Entries follow. Give back exactly the lines starting at the one containing "RIYAN_20250401_172720960.jpg" and ending at the one containing "Cómo combatir eficazmente", and no other lines.

Stored items from a collection:

==============================

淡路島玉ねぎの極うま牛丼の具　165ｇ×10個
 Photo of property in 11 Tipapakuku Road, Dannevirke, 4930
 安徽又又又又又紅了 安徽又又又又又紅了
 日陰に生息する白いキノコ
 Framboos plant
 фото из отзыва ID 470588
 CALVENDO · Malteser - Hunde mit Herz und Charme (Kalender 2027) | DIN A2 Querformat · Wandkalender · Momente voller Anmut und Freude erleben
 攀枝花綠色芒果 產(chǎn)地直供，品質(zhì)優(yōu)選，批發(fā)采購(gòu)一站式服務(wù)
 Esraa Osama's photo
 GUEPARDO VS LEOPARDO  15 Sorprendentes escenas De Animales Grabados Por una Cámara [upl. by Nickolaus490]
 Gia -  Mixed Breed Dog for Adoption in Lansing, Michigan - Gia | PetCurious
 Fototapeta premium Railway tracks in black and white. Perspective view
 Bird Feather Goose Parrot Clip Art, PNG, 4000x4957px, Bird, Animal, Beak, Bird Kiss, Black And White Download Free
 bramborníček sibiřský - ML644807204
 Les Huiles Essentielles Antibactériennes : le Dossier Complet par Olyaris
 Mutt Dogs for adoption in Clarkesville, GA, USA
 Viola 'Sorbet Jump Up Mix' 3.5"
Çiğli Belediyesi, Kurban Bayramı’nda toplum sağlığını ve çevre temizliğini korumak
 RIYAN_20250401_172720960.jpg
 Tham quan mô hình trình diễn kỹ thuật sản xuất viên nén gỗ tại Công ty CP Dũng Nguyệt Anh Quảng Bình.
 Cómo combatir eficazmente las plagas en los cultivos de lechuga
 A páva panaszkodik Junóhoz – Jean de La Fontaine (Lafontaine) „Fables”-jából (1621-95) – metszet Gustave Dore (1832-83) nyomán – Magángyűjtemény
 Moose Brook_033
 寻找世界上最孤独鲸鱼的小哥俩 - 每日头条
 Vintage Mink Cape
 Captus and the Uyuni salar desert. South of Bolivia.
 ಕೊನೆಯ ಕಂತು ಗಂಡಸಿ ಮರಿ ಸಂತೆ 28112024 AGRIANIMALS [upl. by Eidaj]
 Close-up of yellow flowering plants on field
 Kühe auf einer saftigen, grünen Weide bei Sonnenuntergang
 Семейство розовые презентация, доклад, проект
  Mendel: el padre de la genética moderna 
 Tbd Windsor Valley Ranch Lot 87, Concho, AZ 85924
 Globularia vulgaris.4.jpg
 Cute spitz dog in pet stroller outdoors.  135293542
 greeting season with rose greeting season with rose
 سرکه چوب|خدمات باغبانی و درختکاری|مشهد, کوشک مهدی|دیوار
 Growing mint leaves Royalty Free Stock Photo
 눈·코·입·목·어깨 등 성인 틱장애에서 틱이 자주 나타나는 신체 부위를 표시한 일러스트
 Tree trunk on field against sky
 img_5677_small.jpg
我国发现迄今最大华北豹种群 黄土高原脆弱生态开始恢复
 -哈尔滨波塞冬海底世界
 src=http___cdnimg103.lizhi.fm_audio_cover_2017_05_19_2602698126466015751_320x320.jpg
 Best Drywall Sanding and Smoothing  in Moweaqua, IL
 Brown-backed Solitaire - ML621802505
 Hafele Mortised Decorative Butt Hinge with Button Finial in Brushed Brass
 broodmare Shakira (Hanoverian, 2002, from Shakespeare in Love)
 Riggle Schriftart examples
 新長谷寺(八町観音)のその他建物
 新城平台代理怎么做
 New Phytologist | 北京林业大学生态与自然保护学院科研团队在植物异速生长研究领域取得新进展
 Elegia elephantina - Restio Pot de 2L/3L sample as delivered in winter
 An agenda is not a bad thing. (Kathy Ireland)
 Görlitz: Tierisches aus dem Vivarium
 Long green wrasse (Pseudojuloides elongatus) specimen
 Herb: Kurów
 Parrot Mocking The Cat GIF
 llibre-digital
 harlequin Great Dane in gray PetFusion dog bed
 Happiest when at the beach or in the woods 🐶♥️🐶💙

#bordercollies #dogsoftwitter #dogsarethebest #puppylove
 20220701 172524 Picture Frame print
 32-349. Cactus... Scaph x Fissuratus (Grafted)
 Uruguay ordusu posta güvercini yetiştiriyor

==============================

▸ RESPONSE BOX:
 RIYAN_20250401_172720960.jpg
 Tham quan mô hình trình diễn kỹ thuật sản xuất viên nén gỗ tại Công ty CP Dũng Nguyệt Anh Quảng Bình.
 Cómo combatir eficazmente las plagas en los cultivos de lechuga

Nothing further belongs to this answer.